-------- Input records

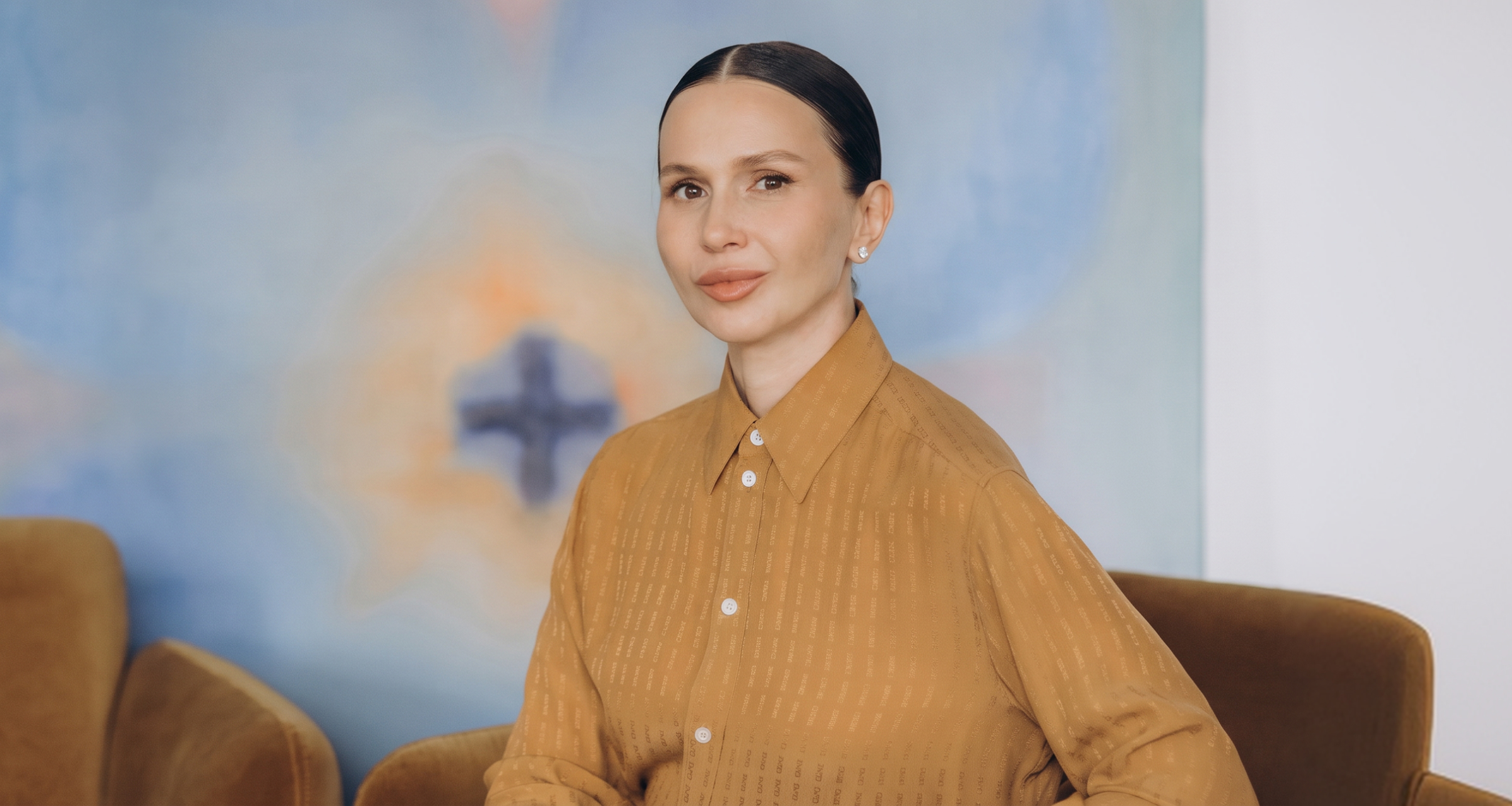 Наталья Шик: «Четыре года я строила бренд, а не бизнес»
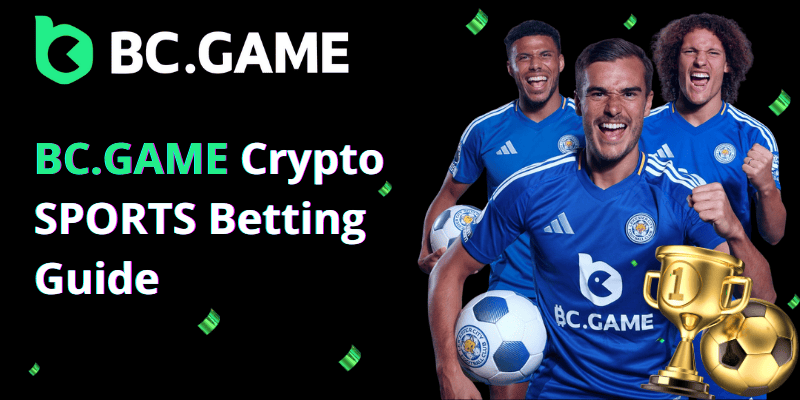 bc game casino sports betting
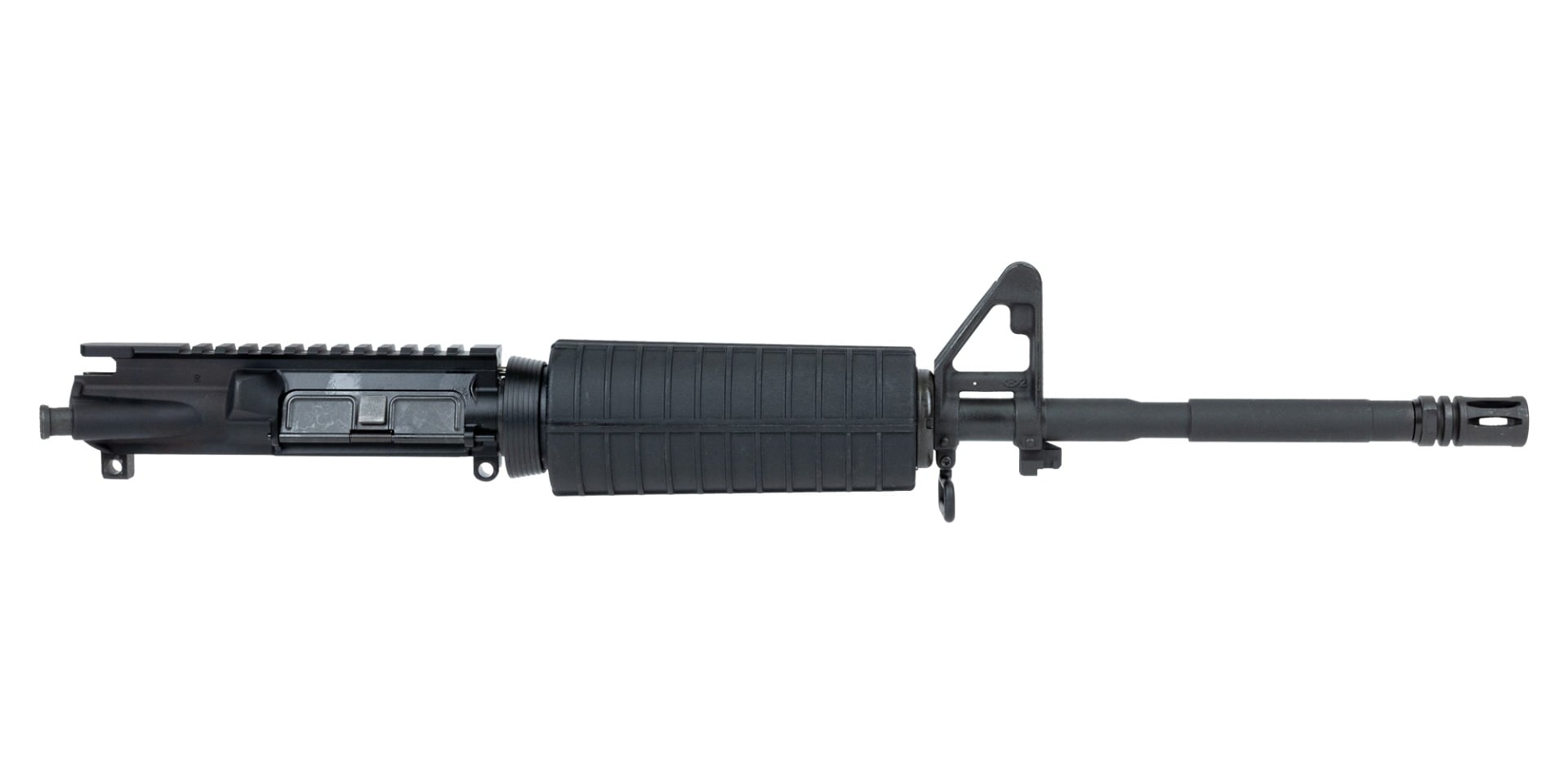 PSA 16" CHF 1:7 M4 Carbine 5.56 NATO Premium Classic AR-15 Upper Assembly - No BCG/CH
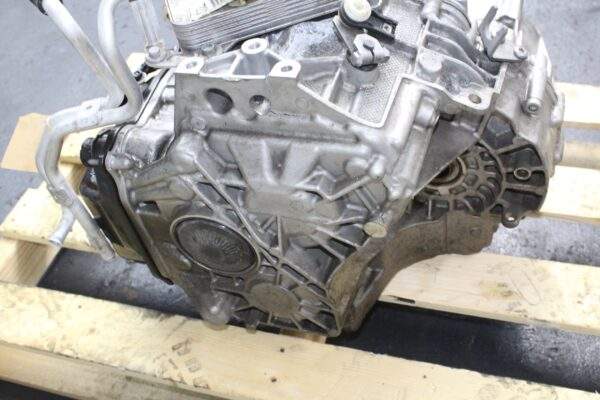 Audi F3 RSQ3 DSG Transmission Gearbox DQ500 Code TVD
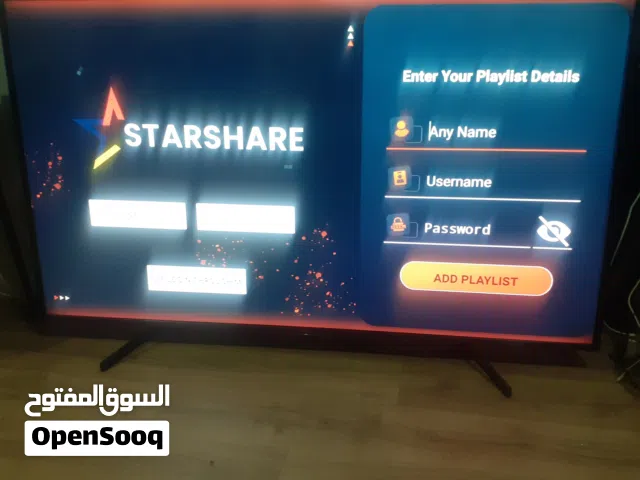 Sony Android TV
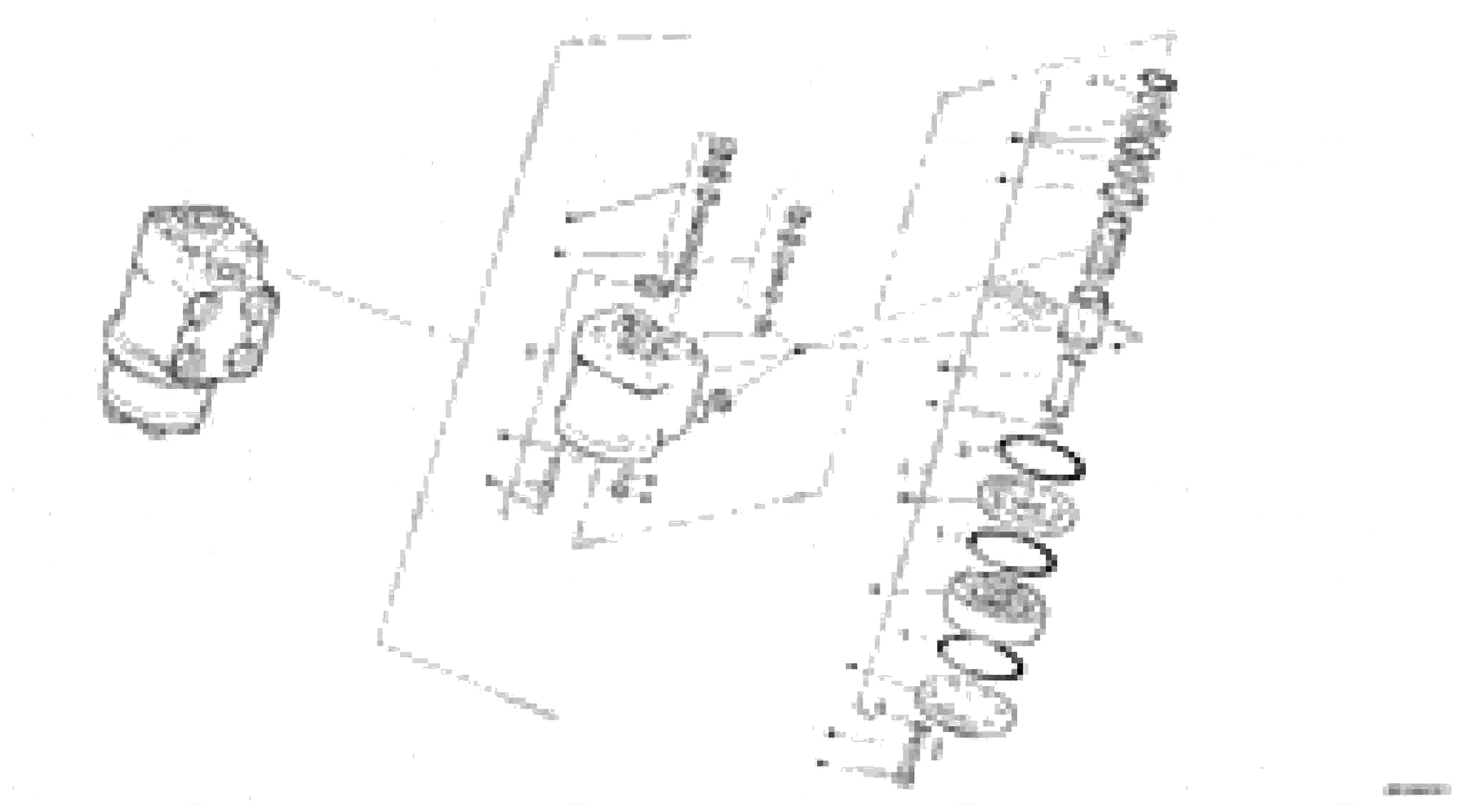Схема запчастей Volvo L30B - 39727 Клапан в сборе L30B TYPE 183, 185 SER NO - 2999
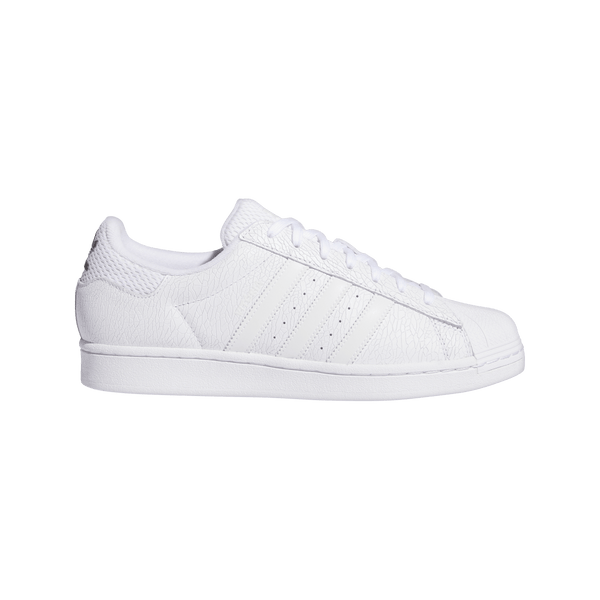 ADIDAS Superstar ADV x Vitoria Shoes Cloud White Core Black Cloud White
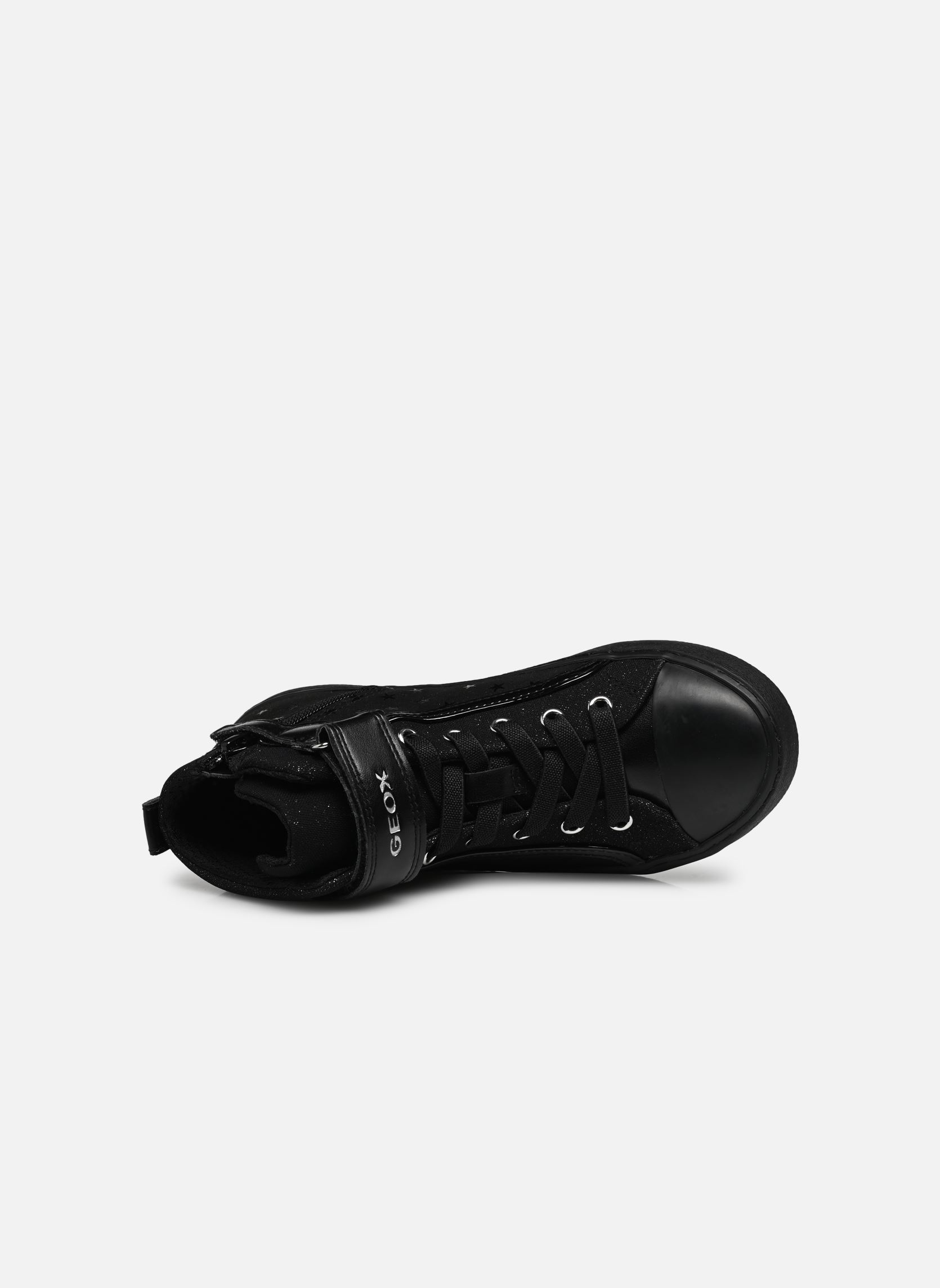 Geox J Kalispera Girl I - Tenis Unisex Para Niños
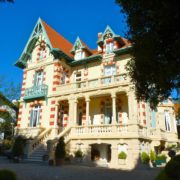 villa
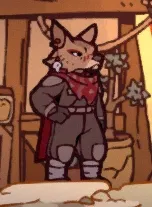Avatar of Laika: Immortal Defender of Where We Live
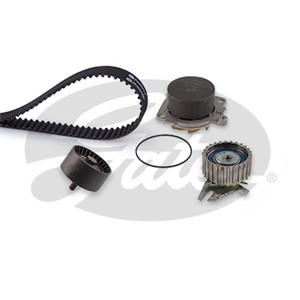Kamremskit med vattenpump, ALFA ROMEO 145, 146, 147, 156, 156 Sportwagon, 71771578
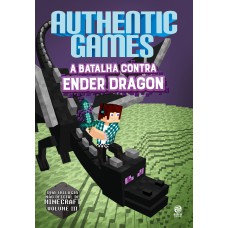 Authenticgames – a batalha contra Ender Dragon
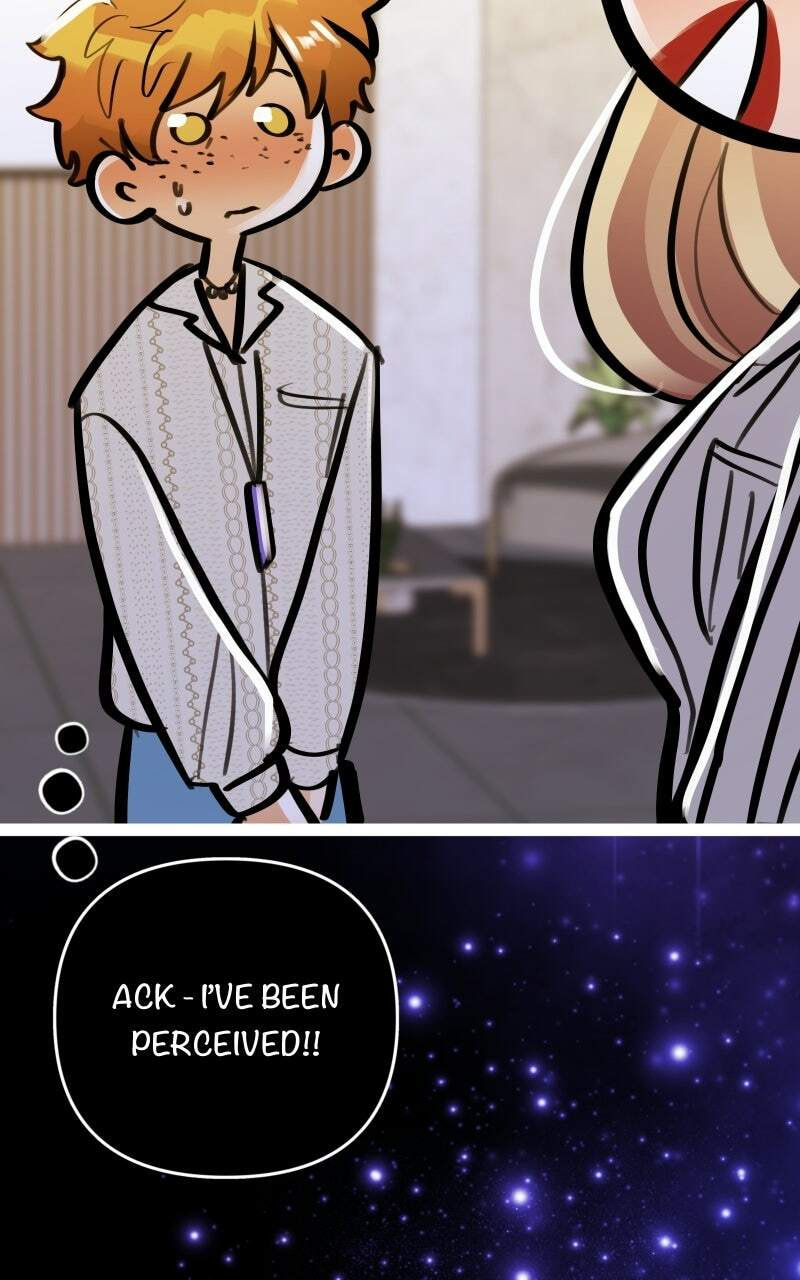 Read Star Catcher chapter 100 image 52 on Lezhin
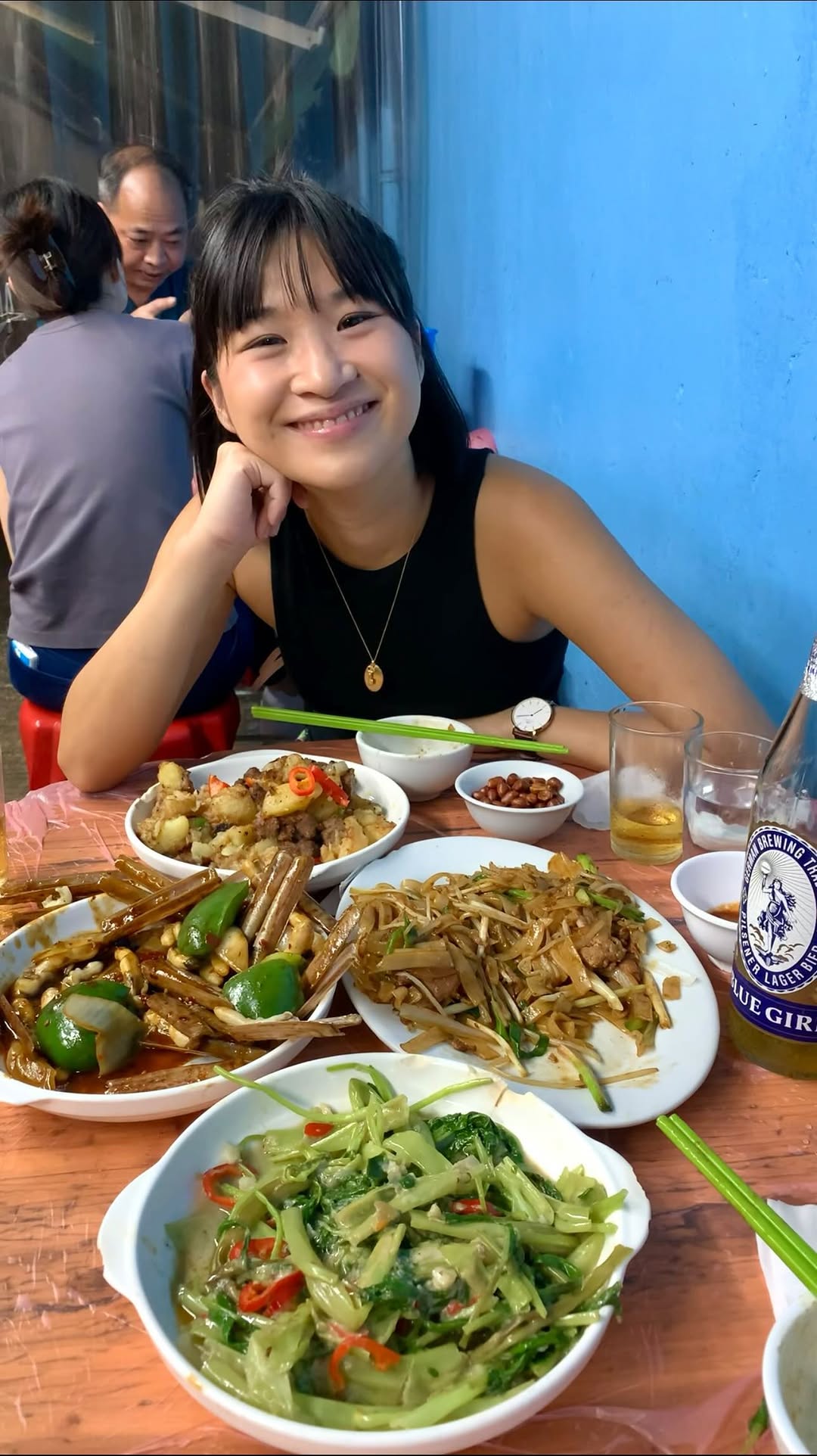 Hong Kong Eateries With Compelling Backstories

----------------

From the material above, write out exactly the lines from the line with "Схема запчастей Volvo" through the closing line, inclusive, and no pictures.

_Finished task_
Схема запчастей Volvo L30B - 39727 Клапан в сборе L30B TYPE 183, 185 SER NO - 2999
 ADIDAS Superstar ADV x Vitoria Shoes Cloud White Core Black Cloud White
 Geox J Kalispera Girl I - Tenis Unisex Para Niños
 villa
Avatar of Laika: Immortal Defender of Where We Live
Kamremskit med vattenpump, ALFA ROMEO 145, 146, 147, 156, 156 Sportwagon, 71771578
 Authenticgames – a batalha contra Ender Dragon
 Read Star Catcher chapter 100 image 52 on Lezhin
 Hong Kong Eateries With Compelling Backstories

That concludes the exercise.